5 Replies Latest reply on May 16, 2012 9:52 AM by MicahVillmow

    atomic operation

    Anon5710

      Hello,

       

      I have written a kernel whose job is to compare  2 groups of integers to each other, whenever there is a match counter is increased.

      To avoid running in the 128 MB buffer limit, i decided to use atomic operations to give me a index, which i use as a reference where to write when counter is high enough.

       

      __kernel void compare( __global int* input, __global int* output, const unsigned int count, __local int * shared , __local int * suspect, __local int * indexes, __global int* outIndex )
      {
          int x = get_global_id(0); //get global idx
          int y = get_global_id(1); //get global idy
      
          int local_idx = get_local_id(0);
      
          int k,i,j;
          int counter=0;
          int index;
              
          if( x < count && y < count && x != y)
          {
              //store each subgroup (of hashes) in local memory 
              //offset each variable by workgroup size bytes
              for(k=0;k<REP*2;k++)
              {
                  shared[local_idx+k*64] = input[x+k*count]; 
                  suspect[k] = input[y+k*count];            //does the one exception to bank conflicts also work when writing ?
              }
              barrier(CLK_LOCAL_MEM_FENCE);
      
              //store outindex global values in local index values
              //has a coalsed acces pattern
              indexes[local_idx] = outIndex[x];
                      
              for(i=0;i<REP*2;i++)
              {
                  for(j=0;j<REP*2;j++)
                  {
                      if(suspect[i] == shared[local_idx+j*64])
                      {
                          //printf("Succes : %d = %d -> (%d,%d) \n",suspect[i],shared[local_idx+j*64],x,y);
                          counter++;
                      }
                  }
              }
      
              //output[x+y*count] = counter;
              if(counter >  REP/2)
              {
                  index = atomic_add( &indexes[local_idx], 2 );
                  output[ x +index*count ] = y;
                  output[ x +index*count+count ] = counter;
                  //if( x == 65 )
                      //printf("(%d,%d,%d)\n",y,counter,index);
              }
              barrier(CLK_LOCAL_MEM_FENCE);
      
              //restore outindex in global memory;
              outIndex[x] = indexes[local_idx];
              barrier(CLK_LOCAL_MEM_FENCE);
      
          }
      }
      

       

      Now when this code is run with line 45 & 46 uncommented, it works perfectly i have no problem at all. I get 20 or so positive results.

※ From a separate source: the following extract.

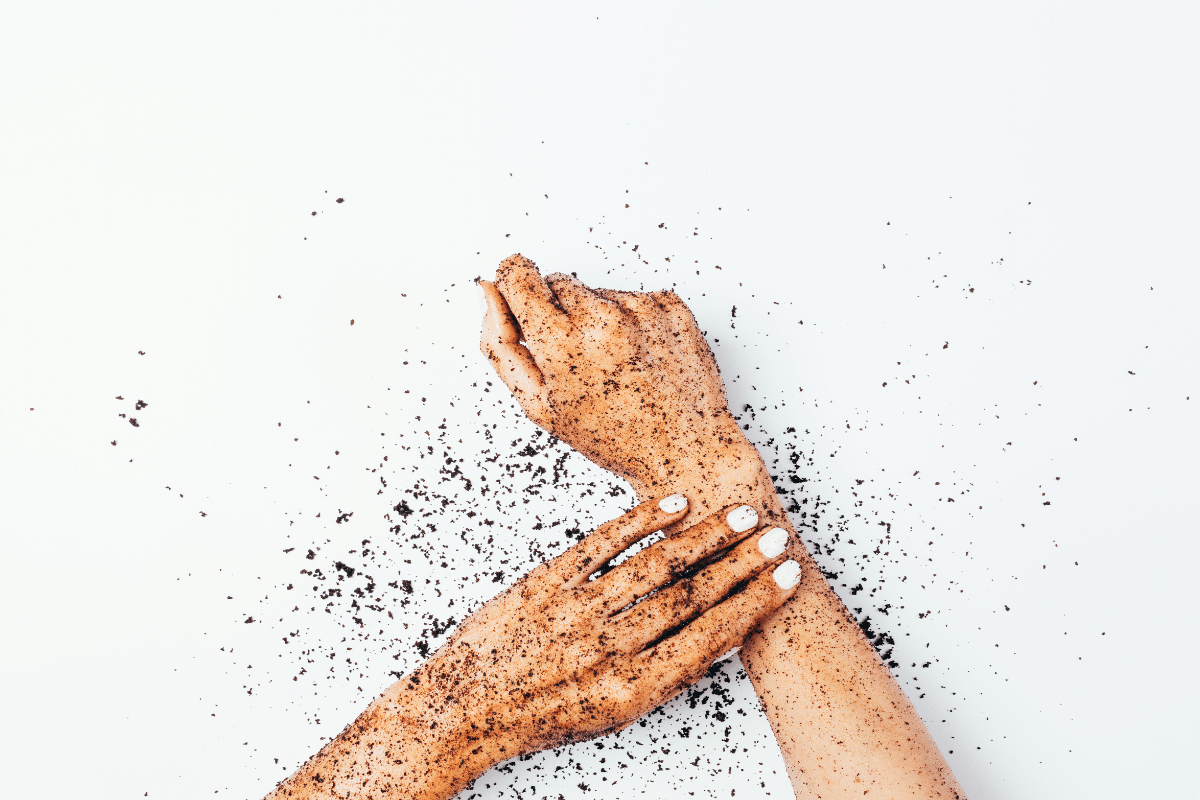 Umyvanie rúk soľou a kávou: prečo sa to odporúča a načo je to dobré?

      When line 45&46 are commented out, i get return 1 result, the last one.  So I'm guessing there is a problem with the atomic operation. But honestly, i have no clue how to fix this.

       

      Does anyone know what i'm doing wrong ?

        • Re: atomic operation
          Anon5710

          Hello again,

          I've asked my professor but he couldn't answer this question as-well.

           

          i've attached my complete scourcode below.

          (make to compile, ./v1-par-test to execute. )

           

          Hope this helps

            • Re: atomic operation
              LeeHowes

              Aren't you performing atomics on a non-shared value (addressing local memory with the local index)? I'm not clear what purpose the atomic is serving unless I'm misreading the code.

              1 of 1 people found this helpful
                • Re: atomic operation
                  notzed

                  Ahh, so it wasn't just me.  It just seems to copy a globally unique value to a locally unique cache, do some locally unique 'atomic' ops on it, and then copy it back to the globally unique array.

                   

                  (and not to mention, actually writing any results to an always globally unique slice anyway).

                   

                  Atomics must be shared between jobs to be any use.

                   

                  If you want a tight-packed result you need to use a single global atomic - use atomic counters on amd, global atomics are really slow.  Or if you want one tight-packed-result per work-group, you could have one atomic counter per workgroup, or whatever - but since you need to reserve output space anyway it probably wouldn't really help achieve your goal of reducing memory wastage.

                  1 of 1 people found this helpful
                    • Re: atomic operation
                      Anon5710

                      So to quote from the opencl specification:

                       

                      Global memory is consistent across

                      work-items in a single work-group at a work-group barrier, but there are no guarantees of

                      memory consistency between different work-groups executing a kernel.

                       

                       

                      (this is what the above 2 persons were saying right ? )

                       

                      So how does using printf actually guarantees  memory consistency between diffrent work group at a global level ?

                      (because this is what i am experiecing ?)

                       

                      As a side note..

                      Am i forced to use a global counter, to get a tighter packed result ? ( i still can use count*count  array but this quickly grows way to .... )

                      second, i only have seen a global atomics example, can someone point me to a global counter example ?

                       

                       

                      Regards Anon5710

                        • Re: atomic operation
                          MicahVillmow

                          printf does not guarantee memory consistency. What you are seeing is a by-product of our implementation where we only run a certain number of work-groups at a time when printf is used because of the issue with the printf buffer size not being able to grow dynamically.